Pour le programme « soutien », ne serait-il pas intéressant de prévoir un indicateur sur le montant et sur l'évolution du taux de transposition des directives communautaires de « compétence chancellerie », dans les délais requis par celles-ci ?
Enfin, ne croyez-vous pas que, à un terme raisonnable, certains indicateurs pourraient être individualisés au niveau du ressort des cours d'appel, voire de certaines juridictions ?
Vous aurez déduit de ces questions, monsieur le garde des sceaux, que j'escompte du Gouvernement un véritable dialogue en vue de la finalisation de ces objectifs et indicateurs de performance.
Enfin, je tiens à évoquer l'expérimentation de visioconférence, réalisée par la cour d'assise spéciale de la Marne, le 17 mai 2004, pour procéder à l'audition, en qualité de témoin, d'une personne détenue en un autre lieu. Cette audition, d'une durée d'une heure et d'un coût inférieur à 22 euros, a permis d'éviter la mobilisation de trois gendarmes pour la journée. Il s'agit donc d'une perspective intéressante, qui est appelée à se développer.
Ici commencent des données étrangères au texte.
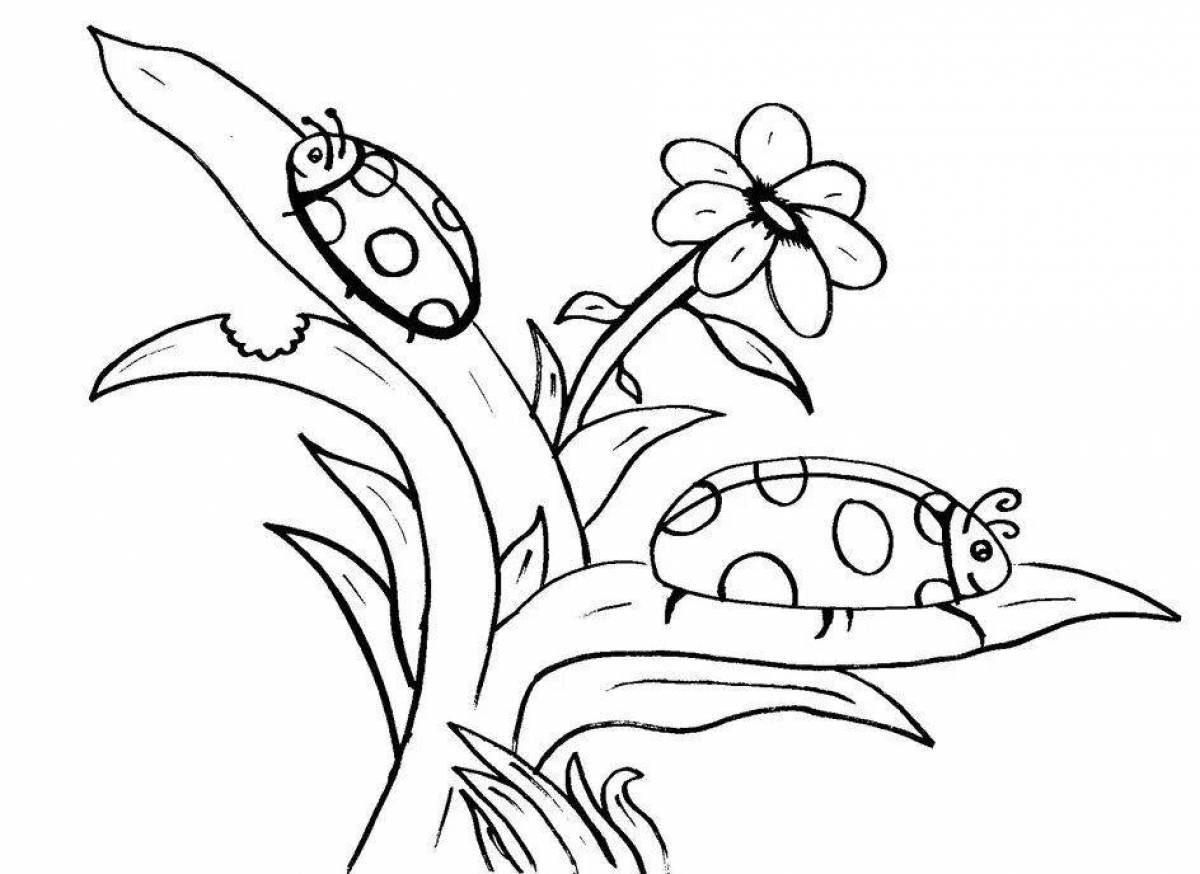 Exquisite nature coloring book for girls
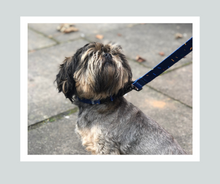 Load image into Gallery viewer, Candy Shop I Collar I Jelly Bean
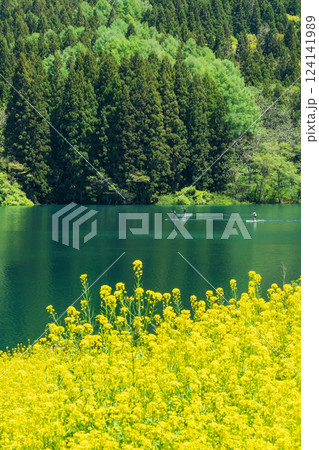 北竜湖（春） 124141989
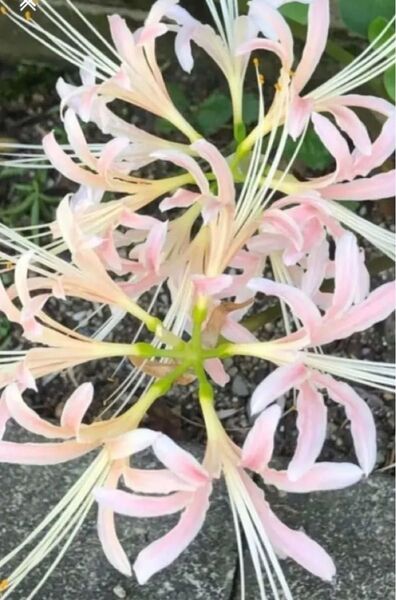 彼岸花リコリス球根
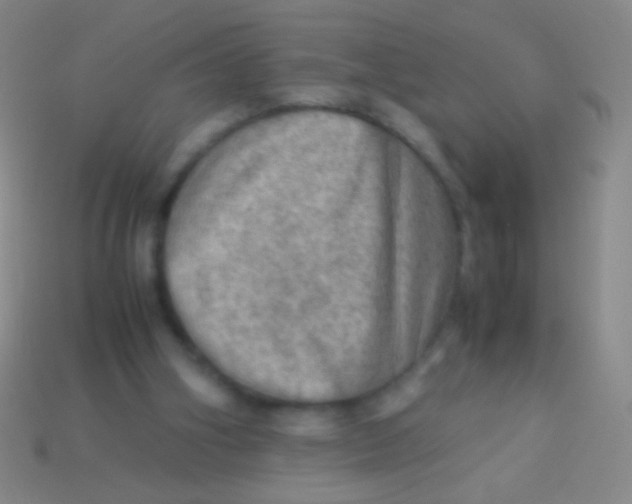 X0000113590106200910161852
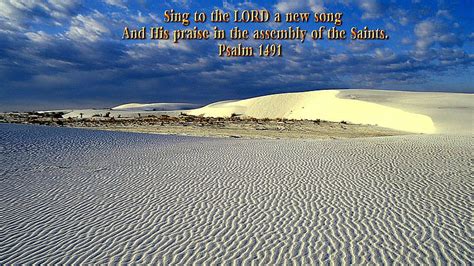 Sing To The Lord A New Song And His Praise In The Assembly Of The Saints Bible Verse, HD ...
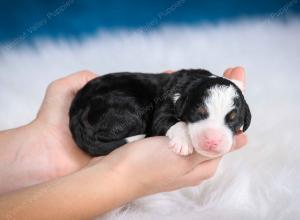 tri-colored male mini bernedoodle near Chicago Illinois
Toutefois, la visioconférence ne résoudra pas tout : la répartition des charges de surveillance des escortes de détenus entre police, gendarmerie et personnels de l'administration pénitentiaire devra être revue et clarifiée.
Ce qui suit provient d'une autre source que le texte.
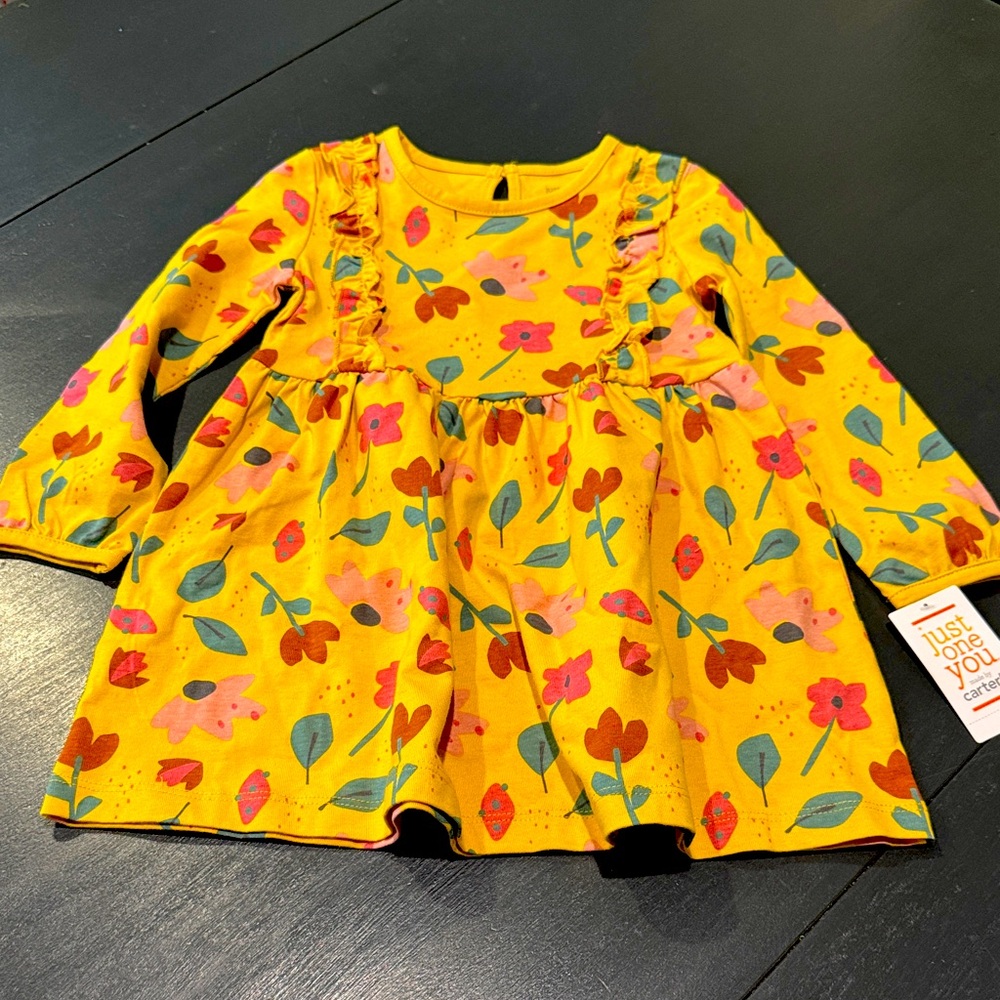 Carter’s 2T Fall/Winter Floral Dress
Monsieur le garde des sceaux, je sais qu'il existe des discussions entre votre ministère et celui de l'intérieur sur ces questions. Que comptez-vous faire pour débloquer une situation coûteuse et préjudiciable à l'efficacité de la justice et des forces de sécurité ?
Mes chers collègues, sous le bénéfice de ces observations et de la précision avec laquelle, j'en suis persuadé, le ministre répondra à ces questions, la commission des finances propose au Sénat d'adopter les crédits du ministère de la justice prévus dans le projet de loi de finances pour 2005.